Freudiges Johlen mischt sich ins Prasseln der Flammen. Während die Sitterbrücke im Erlenholz niederbrennt, wird am linken Flussufer gefeiert. «Von der Bernhardzeller Seite her hörte man Jauchzen», schreibt die Zeitung «Ostschweiz» am 8. April 1879. In der «St. Galler Zeitung» heisst es, man habe während des Brandes «Freudegeschrei und Schiessen» vernommen.
Über die Ursache des Feuers sind sich die Medien einig: «Es liegt ausser allem Zweifel, dass die Brücke ein Opfer der Brandstiftung geworden ist», schreibt das «St. Galler Tagblatt». Das Holz sei mit Petroleum getränkt gewesen, ist in der «Ostschweiz» zu lesen. Einige «verdächtige Individuen» seien inhaftiert.
Wer die Holzbrücke zwischen Wittenbach und Waldkirch angesteckt hat, bleibt ungeklärt. Die Zeitungen deuten an, dass die Brücke den beiden Gemeinden im Weg gestanden ist. Denn diese planen eine neue Strasse über die Sitter – weiter nördlich, von der Bächi nach Lee. Das Projekt soll über 200000 Franken kosten. Eine zusätzliche, dringend nötige Sanierung der Erlenholzbrücke hätte die Gemeinden «in eine enorme Schuldenlast gestürzt», schreibt das «St. Galler Tagblatt» am 9. April 1879.
Wegen der finanziellen Belastung wollen Wittenbach und Waldkirch gemäss Regierungsratsprotokollen keine Ersatzbrücke bauen. Die Gemeinden ersuchen den Kanton, sie von der Baupflicht zu dispensieren, «weil die Ausgaben hierfür erdrückend wären». Und weil eine provisorische Brücke im Fall eines Hochwassers weggespült werden könne. Ausserdem seien die technischen Vorbereitungen für die geplante Brücke zwischen Bächi und Lee bereits angeordnet. Zuvor haben 34 Anwohner des Sitterufers ein Gesuch an den Kanton gestellt. Sie fordern, dass die Gemeinden die zerstörte Brücke wiederaufbauen, zumindest ein Provisorium erstellen.

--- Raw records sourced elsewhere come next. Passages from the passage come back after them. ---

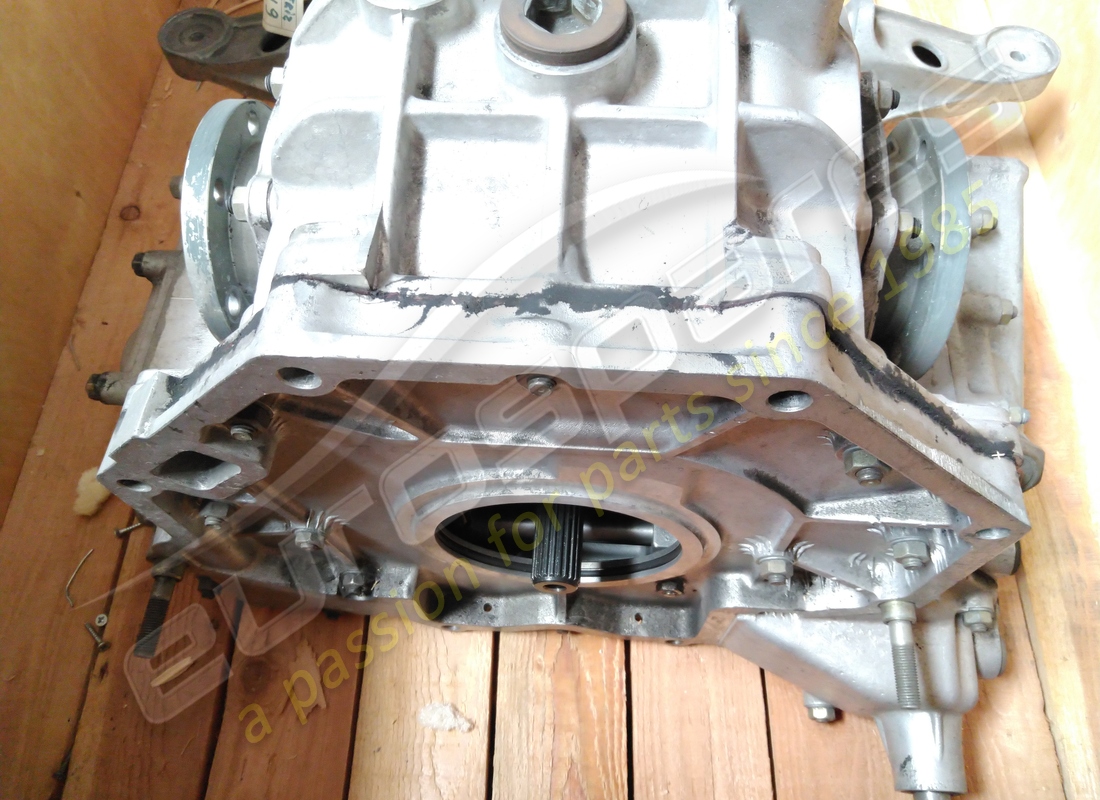 nueva (otra) ferrari caja de cambios. número de parte 95962097 (3)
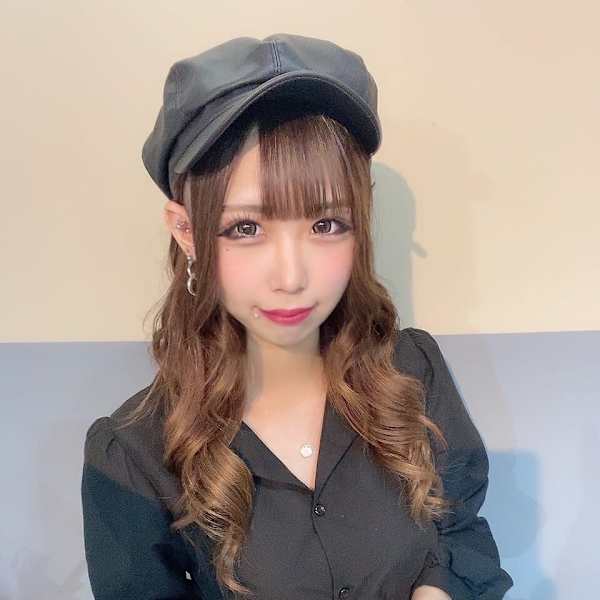 HAIR MAKE SALON Gallis 北新地店 【ヘアメイクサロン ギャリス】【ヘアメイクサロン ギャリス キタシンチテン】のスタッフ紹介。前田 明里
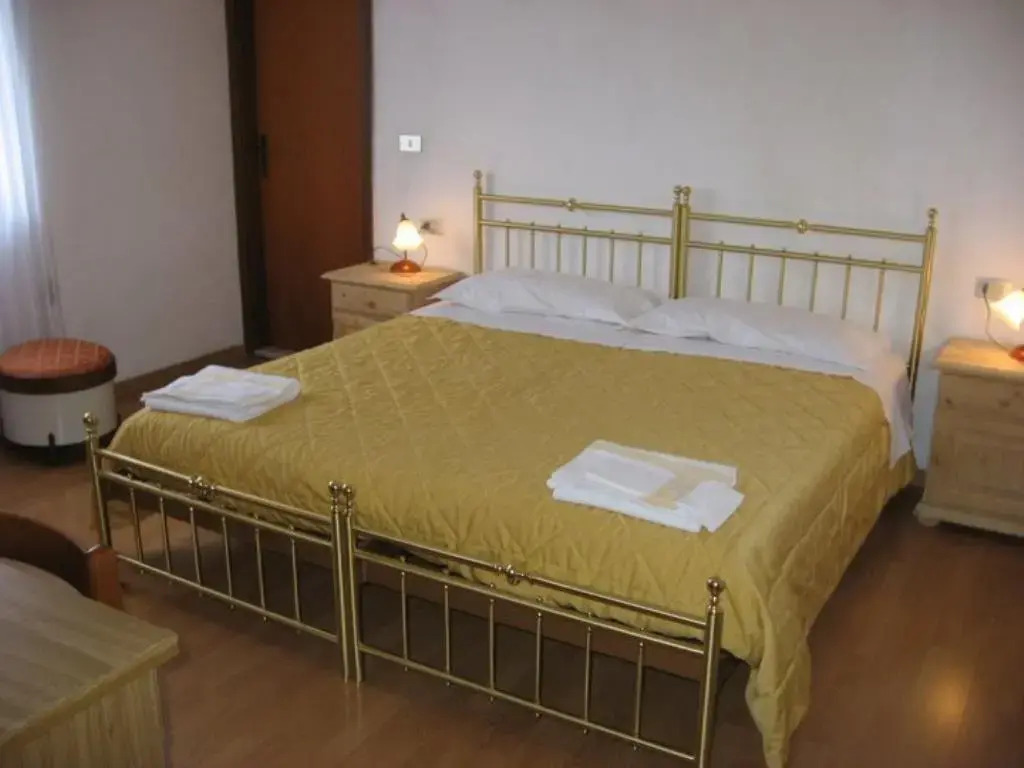 Hotel Bucaneve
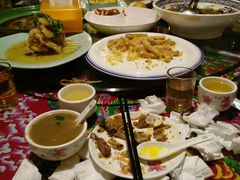 -闯关东东北农家菜(崂山石老人店)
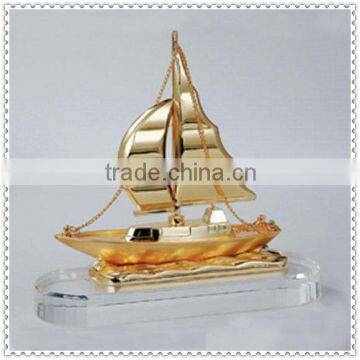 Cheap Hotsell Golden Sailing Crystal Model For Birthday Gifts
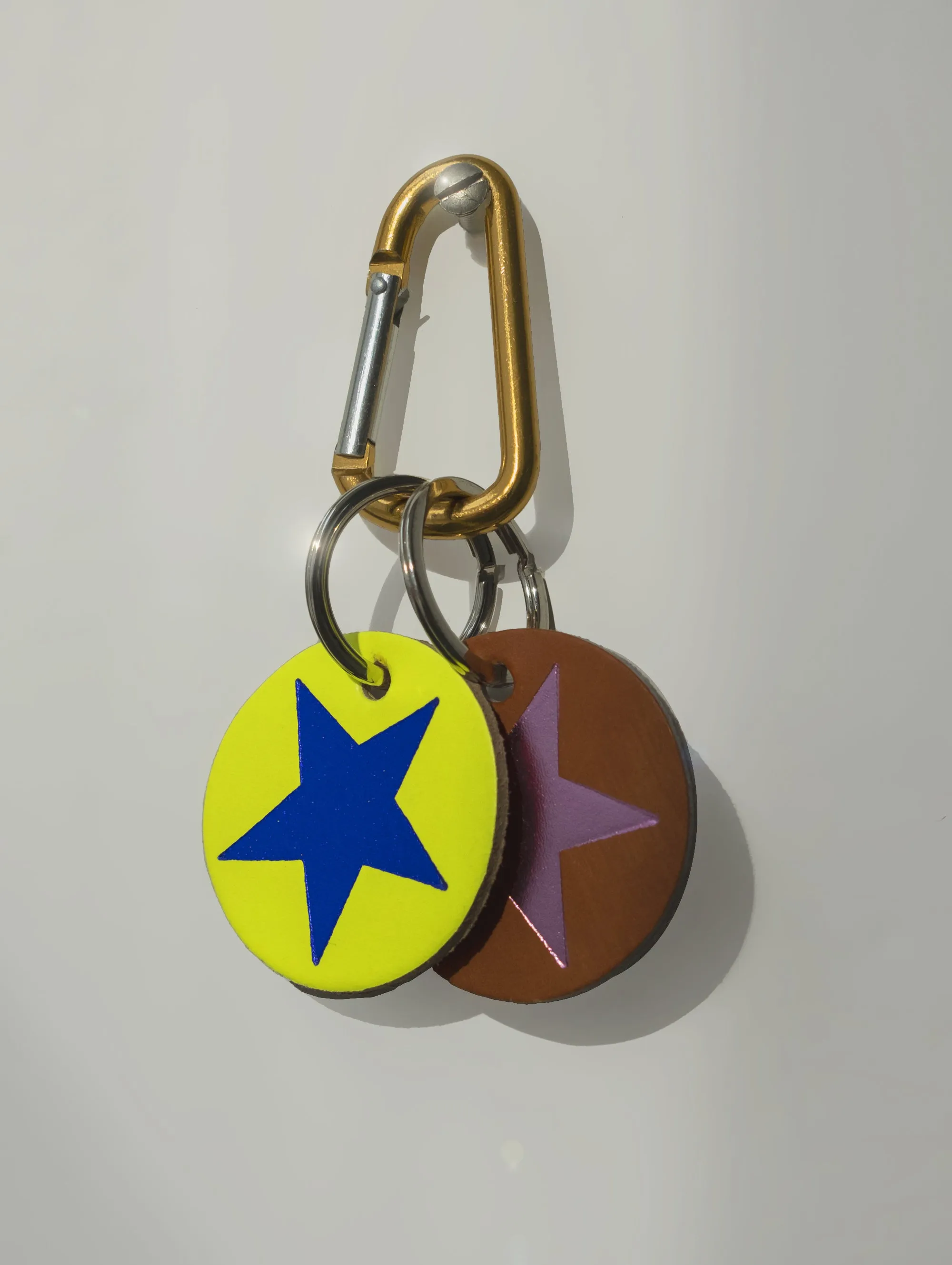 NEON FOIL STAR KEY RING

Nun beginnt das Hin und Her zwischen Kanton und Gemeinden. Erst befreit der Regierungsrat Waldkirch und Wittenbach von der Pflicht, beim Erlenholz eine provisorische Brücke über die Sitter zu bauen – unter der Bedingung, dass die beiden Gemeinden das Strassenprojekt Bächi-Lee vorantreiben. Fünf Monate später haben die Gemeinden das Projekt aber noch nicht eingereicht. So werden sie von der Regierung dennoch zum Bau einer «provisorischen Fahrbrücke» im Erlenholz verpflichtet. Schliesslich klagen immer mehr Anwohner über die fehlende Verbindung über die Sitter im Erlenholz, wie den Protokollen des Regierungsrats zu entnehmen ist.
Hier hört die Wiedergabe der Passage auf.